## WHAT NEEDS TO BE DONE
Take the line with "Screen-Shot-2018-12-11-at-9.41.39-AM JUST IN: New" and every line after it in the entries below, and set them down exactly, without any pictures.

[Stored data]
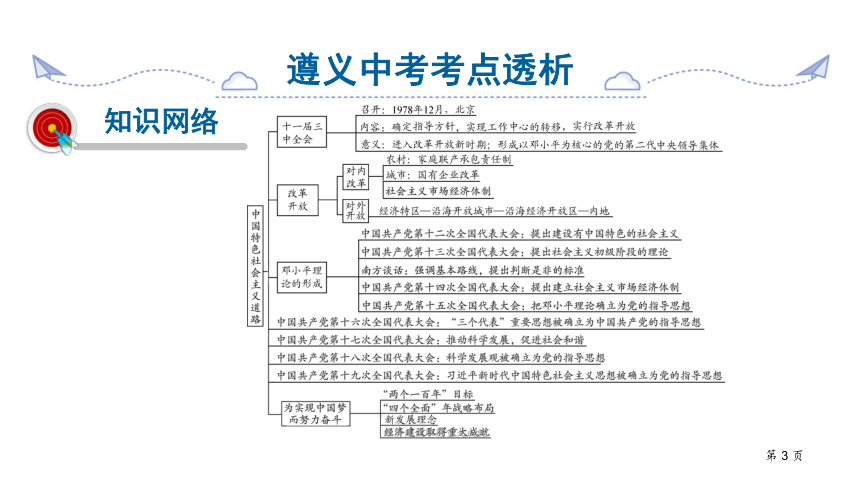 贵州遵义市2021年中考历史复习第三部分中国现代史 第3单元   中国特色社会主义道路  课件（54张PPT）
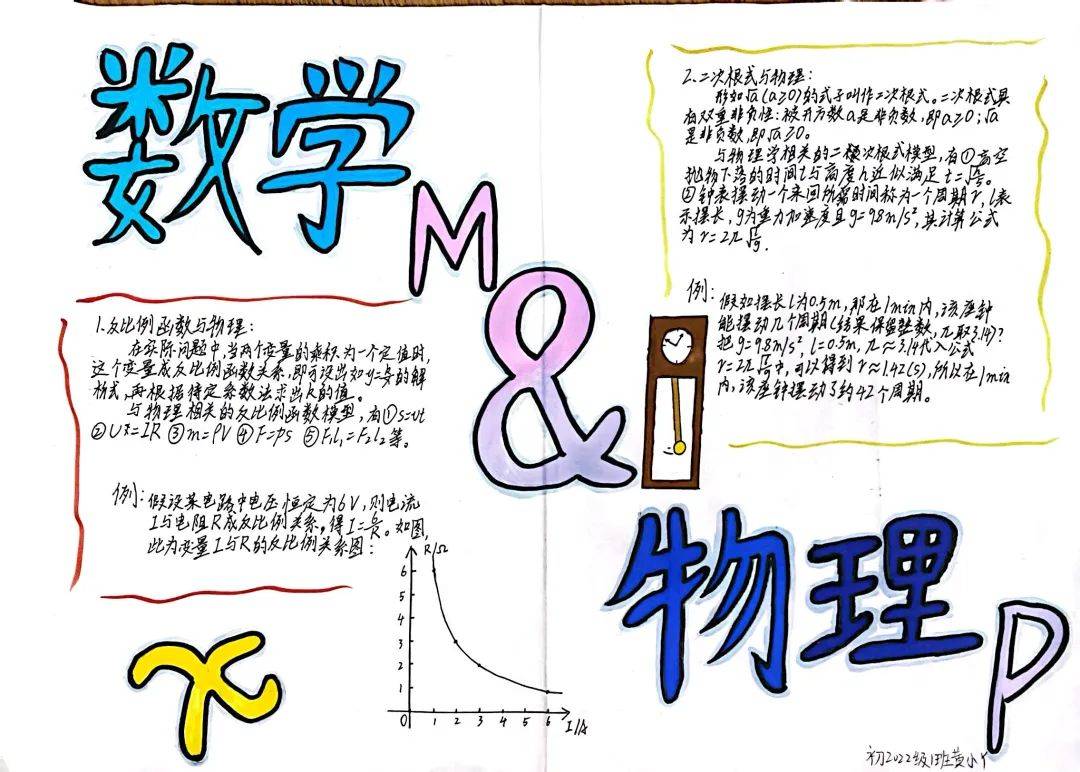 影响世界的物理数学,影响数学世界的猜想与问题 影响世界的物理数学,影响数学世界的猜想与问题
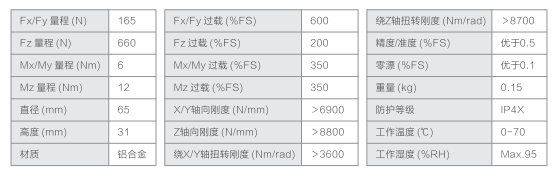 六维力传感器厂家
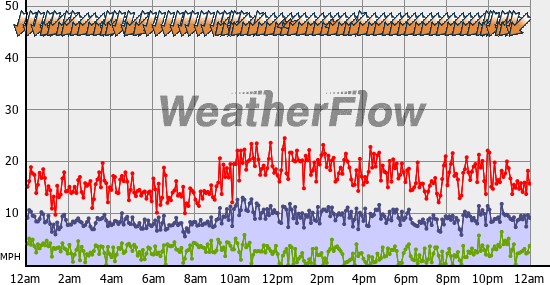 Current Wind Graph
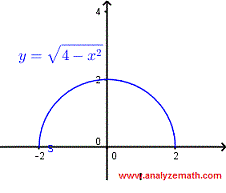 graph of square root function in example 9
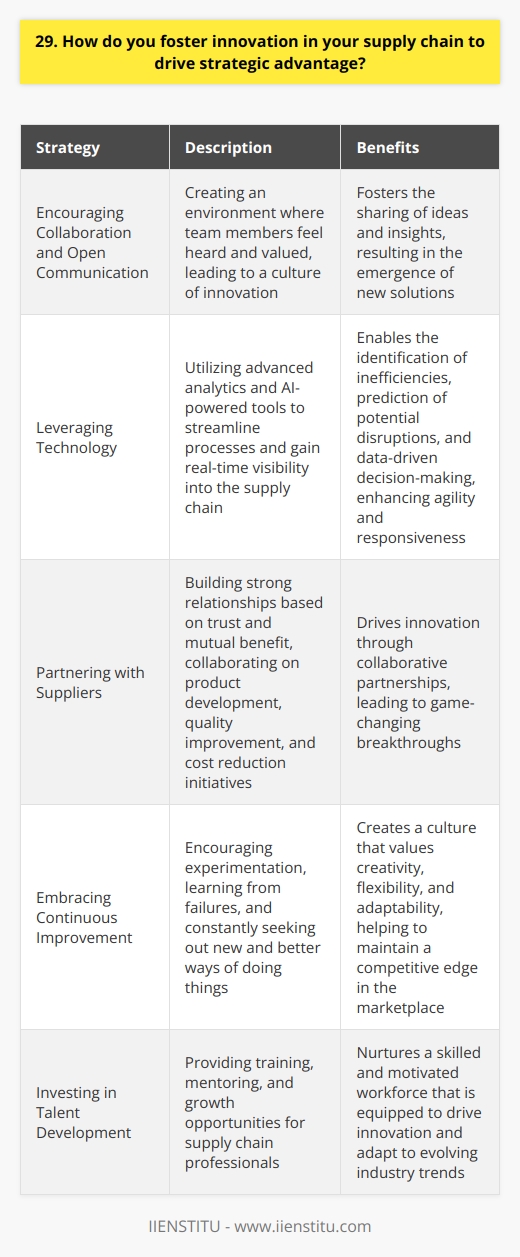I foster innovation in the supply chain by encouraging collaboration and open communication among team members. I believe that when everyone feels heard and valued, they are more likely to share their ideas and insights. This leads to a culture of innovation where new solutions can emerge. Leveraging Technology I also leverage technology to streamline processes and gain real-time visibility into the supply chain. By using advanced analytics and AI-powered tools, I can identify inefficiencies, predict potential disruptions, and make data-driven decisions. This helps me stay agile and responsive to changing market conditions. Partnering with Suppliers Another key strategy I use is partnering closely with suppliers. I build strong relationships based on trust and mutual benefit. By collaborating on product development, quality improvement, and cost reduction initiatives, we can drive innovation together. Ive seen firsthand how these partnerships can lead to game-changing breakthroughs. Embracing Continuous Improvement Finally, I foster a mindset of continuous improvement throughout the supply chain. I encourage my team to experiment, learn from failures, and constantly seek out new and better ways of doing things. By creating a culture that values creativity, flexibility, and adaptability, I believe we can stay ahead of the curve and maintain a competitive edge in the marketplace.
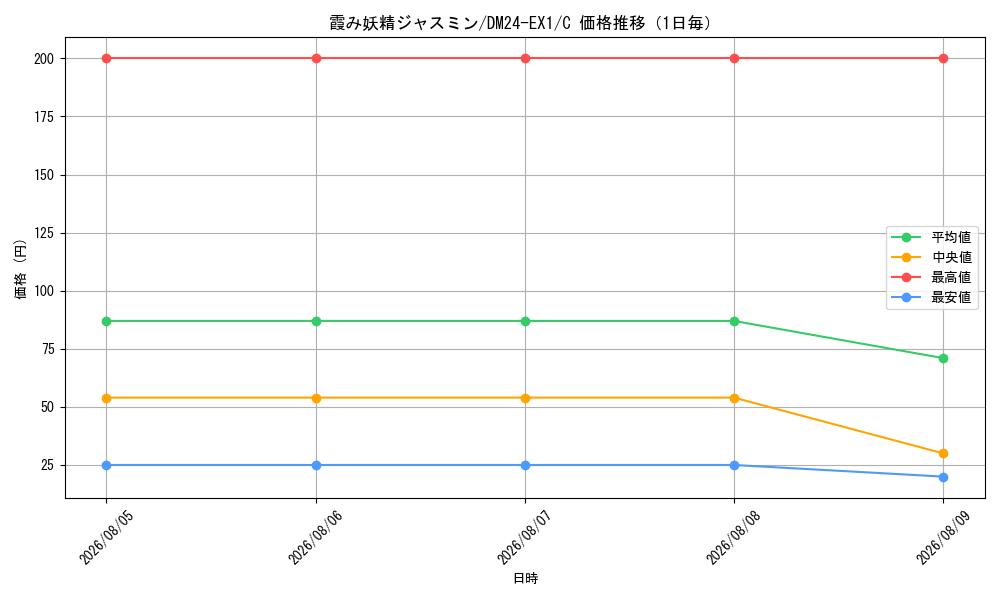 graph_card59902_series65395_rarity101888_day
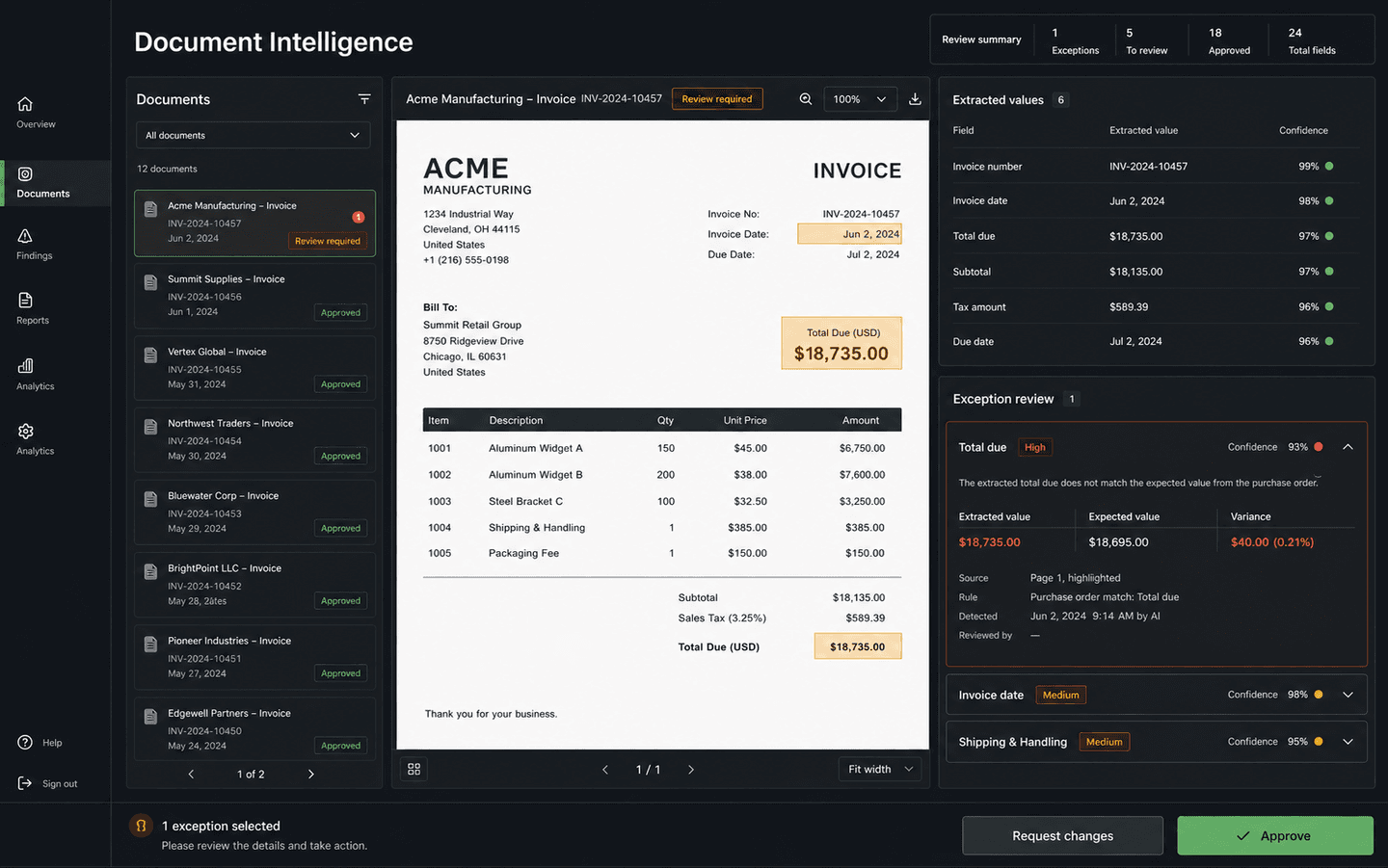 Document intelligence workspace showing extracted values, a selected exception, confidence, and human approval controls
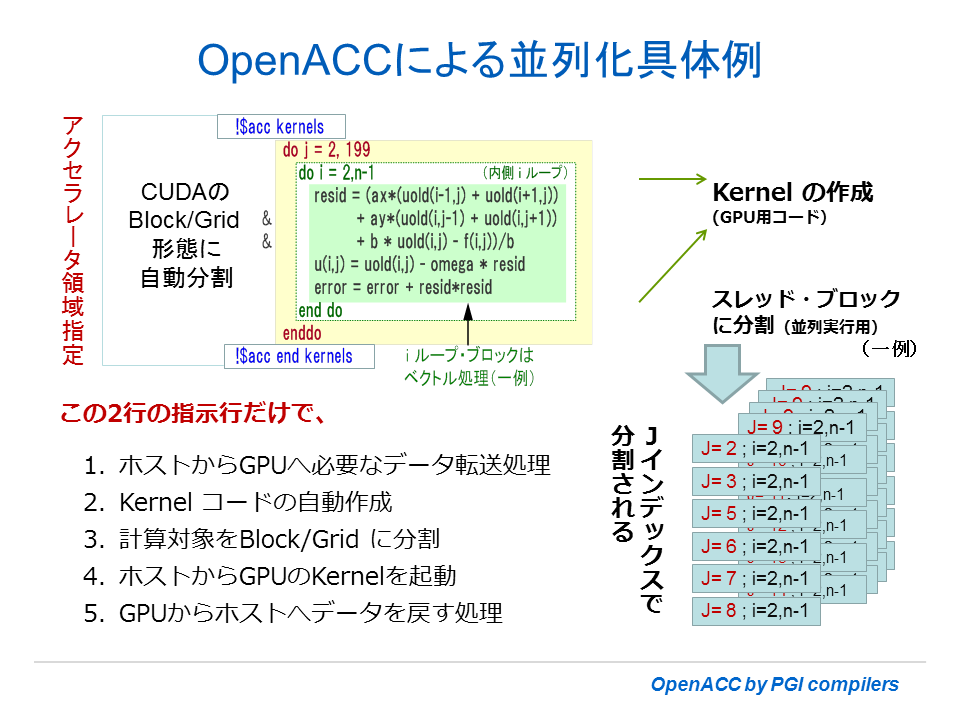 OpenACC ハイブリッド概念図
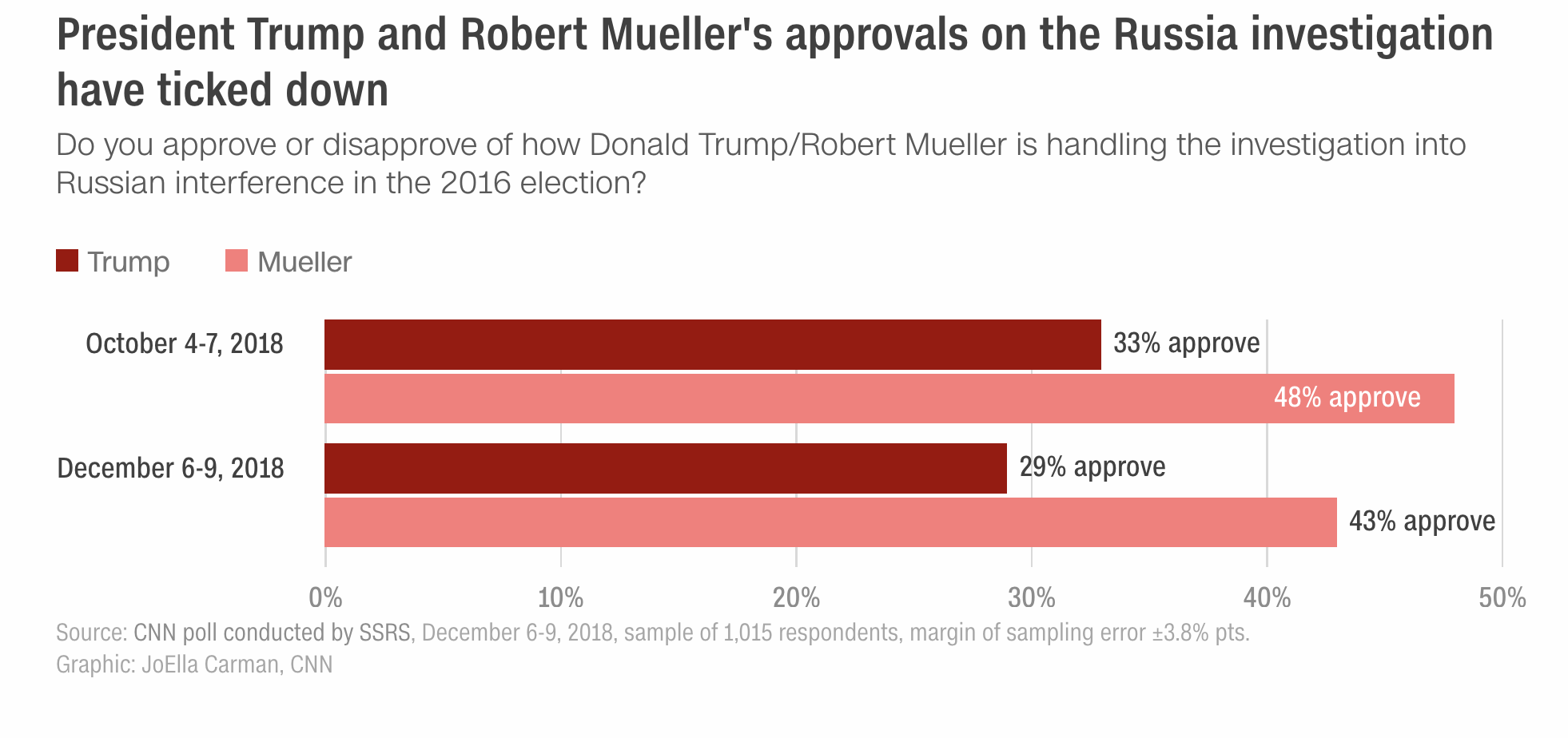 Screen-Shot-2018-12-11-at-9.41.39-AM JUST IN: New Trump Approval Polls Released; Results Show 30 Day Plunge Donald Trump Mueller Politics Religion Robert Mueller Top Stories 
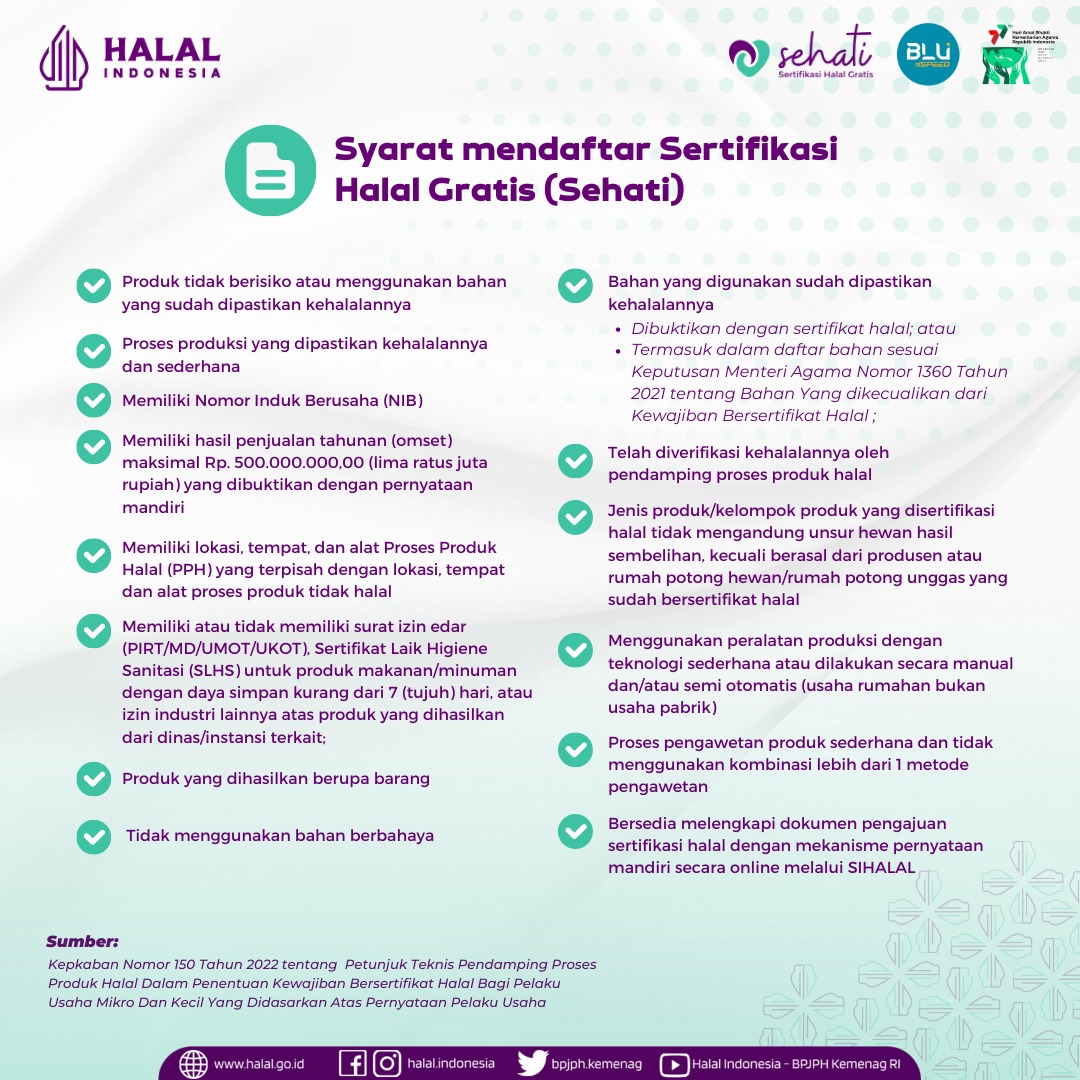 Yuk Daftar Sertifikasi Halal Gratis Untuk Usaha Mikro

## COMPLETED EXERCISE
 Screen-Shot-2018-12-11-at-9.41.39-AM JUST IN: New Trump Approval Polls Released; Results Show 30 Day Plunge Donald Trump Mueller Politics Religion Robert Mueller Top Stories 
 Yuk Daftar Sertifikasi Halal Gratis Untuk Usaha Mikro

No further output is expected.